Jones contributed stories about his roommate, Al Gore. Actress Meryl Streep was a Vassar student dating Yale fullback Bob Levin, whose fumble with 3:34 helped start the Harvard comeback. Yale tackle Ted Livingston was a roommate with George W. Bush — who happens to be Rafferty’s cousin, a fact the filmmaker only reluctantly acknowledged.

Rafferty was the Harvard class of 1970, but he has ties to both sides of the ball. His father played for Yale and his grandfather, Charles D. Rafferty, was the captain of the 1903 football team.

So Kevin Rafferty’s decision to attend Harvard over Yale was a bit controversial in his family, and his father had to be told twice before it registered.

“He pretended he hadn’t heard me correctly. He said, ‘I’m sorry, did you say Hartford University?’ ” said the filmmaker.

The 104-minute film is sparse in a way that melds well with the graphics and production qualities of the 1968 footage. He intersperses extensive game highlights with shots of players discussing the game, the ’60s and their lives before and since.

He took as his title the legendary Harvard Crimson headline, figuring the drama of the game would compensate for the fact that he was giving the ending away.

“I thought about it for about 10 seconds,” Rafferty said. “I just knew it was the title. It’s the signature of the game.”

That he does, because as Yale jumps ahead 22-0 and still leads 29-13 with less than a minute left, even those who know how the game ends can wonder how Harvard will do it.

As the clock ticks down on the expected Yale victory, Eli fans at Harvard Stadium changed their chant from “We’re No. 1!” to “You’re No. 2!” The Yale band played the “Mickey Mouse Club” theme song, angering the Harvard players.
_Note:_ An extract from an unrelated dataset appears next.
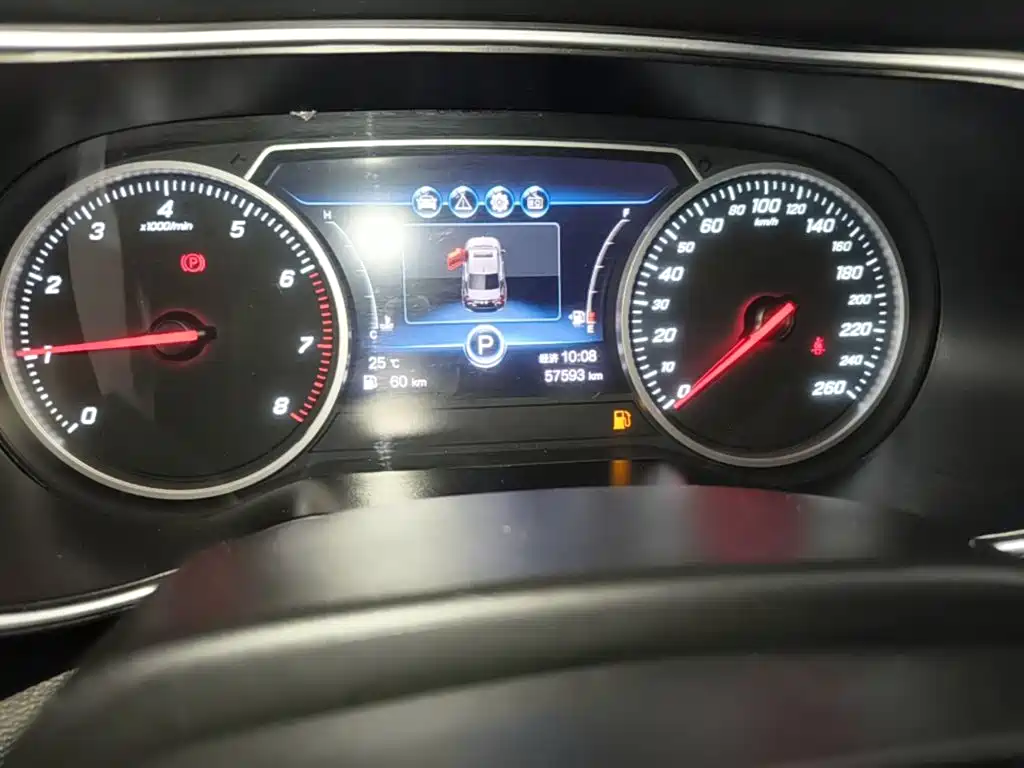 Hongqi Hongqi H5 — миниатюра 12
Harvard did its best to go down quietly. Quarterback Frank Champi, coming off the bench as a backup, fumbled in the backfield but tackle Fritz Reed picked it up and ran deep into Yale territory. After a touchdown made it 29-19 with 42 seconds left, the Crimson missed a two-point attempt but got a reprieve from a phantom pass interference penalty and converted the second try.

Harvard was still eight points down, and its only chance was an onside kick. Yet Yale coach Carm Cozza did not send out a team that could defend against one; they didn’t have such a formation. Harvard came up with the ball.

Again Champi was nearly caught in the backfield, but he scrambled free, and a face-mask penalty put Harvard 20 yards from the goal line. With three seconds left, Champi threw an 8-yard touchdown pass to Vic Gatto, who had left the game earlier with an injury.

Fans who stormed the field had to be cleared away; Harvard hadn’t accomplished anything yet.

Announcer Don Gillis had the call on the two-point conversion to Pete Varney with no time left: “Hang onto your hats, boys and girls. Let’s just watch. . . . Champi . . . He’s got it! He’s got it to Varney! And it ends 29-29! What a finish!”

Forty years later, Harvard is out for another tie.

With a victory Saturday in the 125th edition of the rivalry, the Crimson would tie for the Ivy League title with Brown, which won the head-to-head matchup 24-22 in September when Harvard missed an extra point early and then failed on a two-point conversion with 63 seconds left in the game. Harvard would win the league outright if Brown loses to Columbia.